> **DATA RECORDS**

++++++++

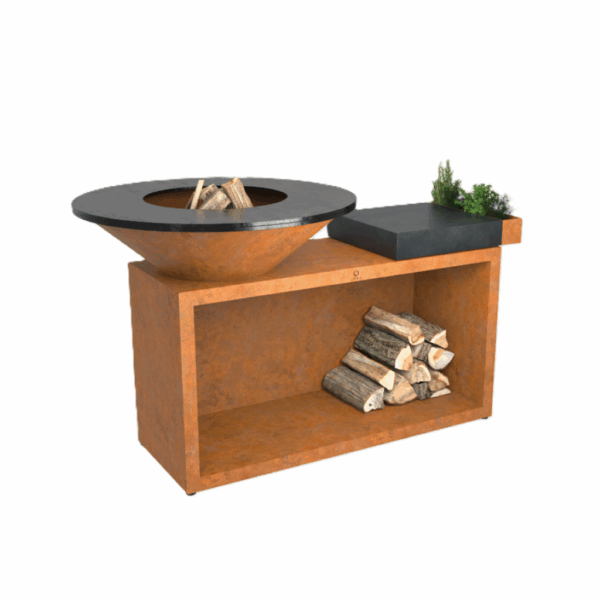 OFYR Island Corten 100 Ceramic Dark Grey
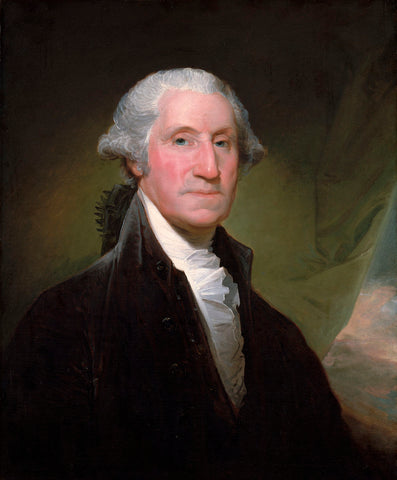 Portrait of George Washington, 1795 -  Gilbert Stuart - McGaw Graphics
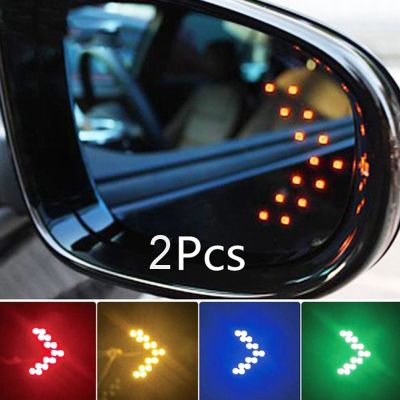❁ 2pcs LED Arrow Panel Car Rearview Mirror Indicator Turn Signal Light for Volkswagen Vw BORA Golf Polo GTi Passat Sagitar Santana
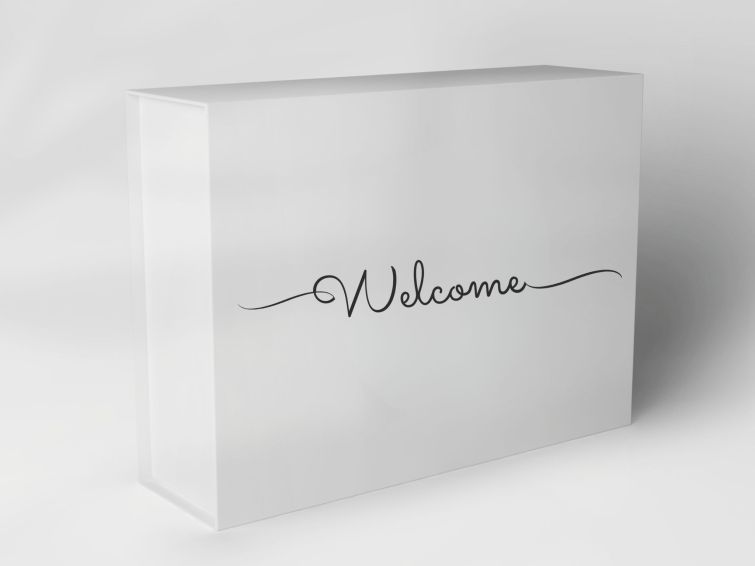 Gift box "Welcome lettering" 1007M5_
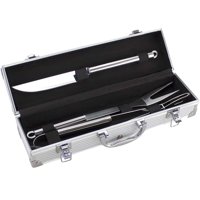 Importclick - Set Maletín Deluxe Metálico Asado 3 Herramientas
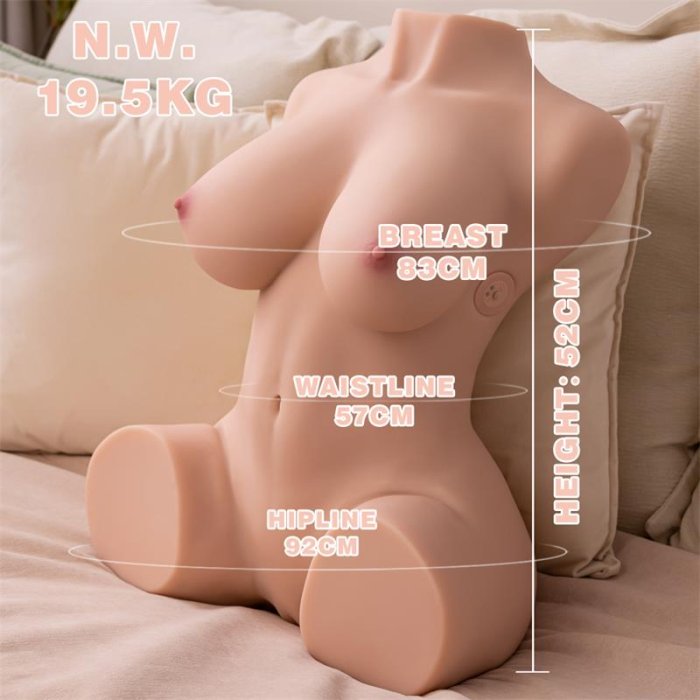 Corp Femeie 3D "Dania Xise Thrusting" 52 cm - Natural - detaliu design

++++++++

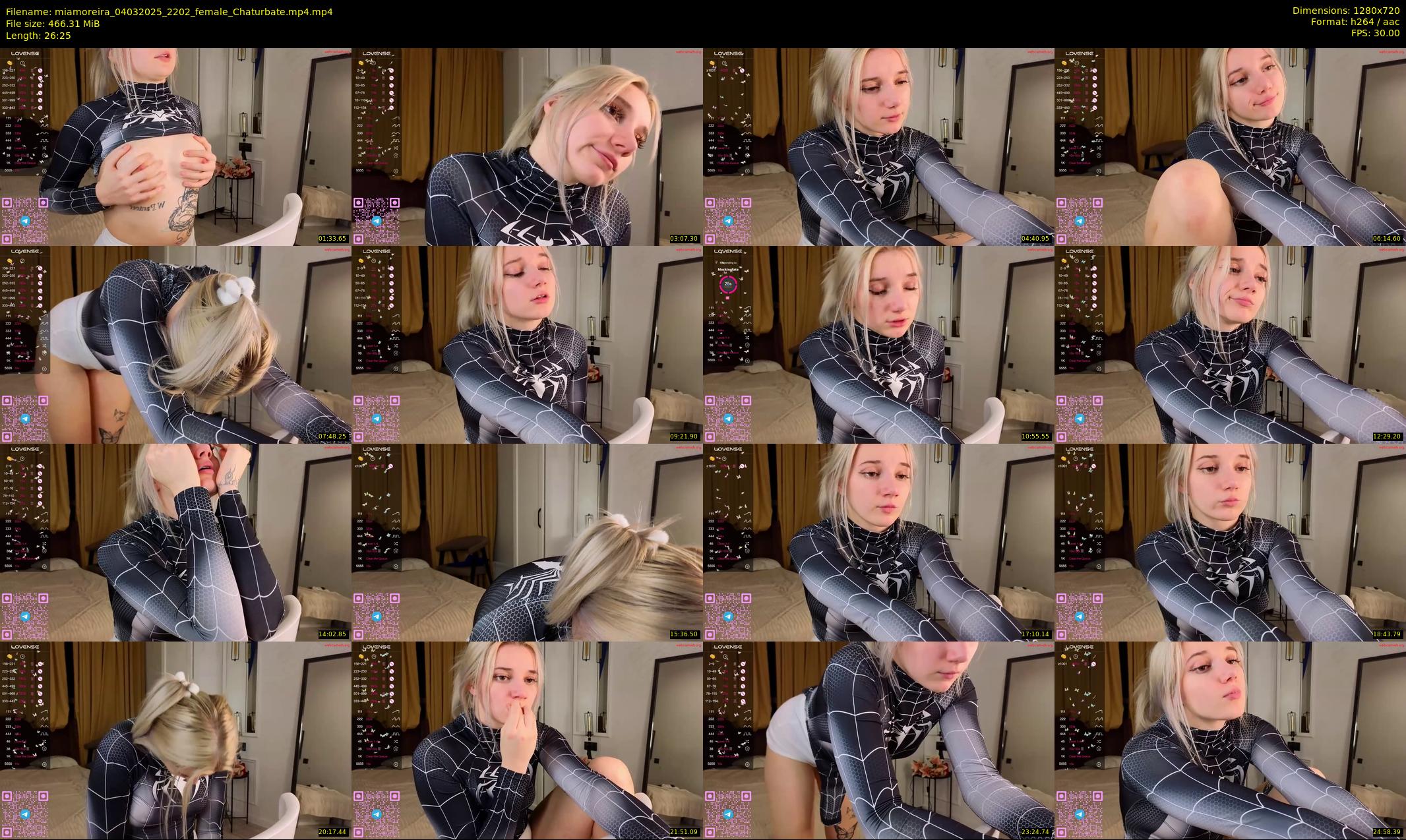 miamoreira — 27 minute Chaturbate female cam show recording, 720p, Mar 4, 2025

++++++++

> **TASK PROMPT**
Pictures excluded, reproduce only the part above that opens with the line holding "OFYR Island Corten 100 Ceramic Dark Grey" and closes with the line holding "Corp Femeie 3D", exactly as written.

> **ANSWER TO THIS EXERCISE**
 OFYR Island Corten 100 Ceramic Dark Grey
 Portrait of George Washington, 1795 -  Gilbert Stuart - McGaw Graphics
❁ 2pcs LED Arrow Panel Car Rearview Mirror Indicator Turn Signal Light for Volkswagen Vw BORA Golf Polo GTi Passat Sagitar Santana
 Gift box "Welcome lettering" 1007M5_
 Importclick - Set Maletín Deluxe Metálico Asado 3 Herramientas
 Corp Femeie 3D "Dania Xise Thrusting" 52 cm - Natural - detaliu design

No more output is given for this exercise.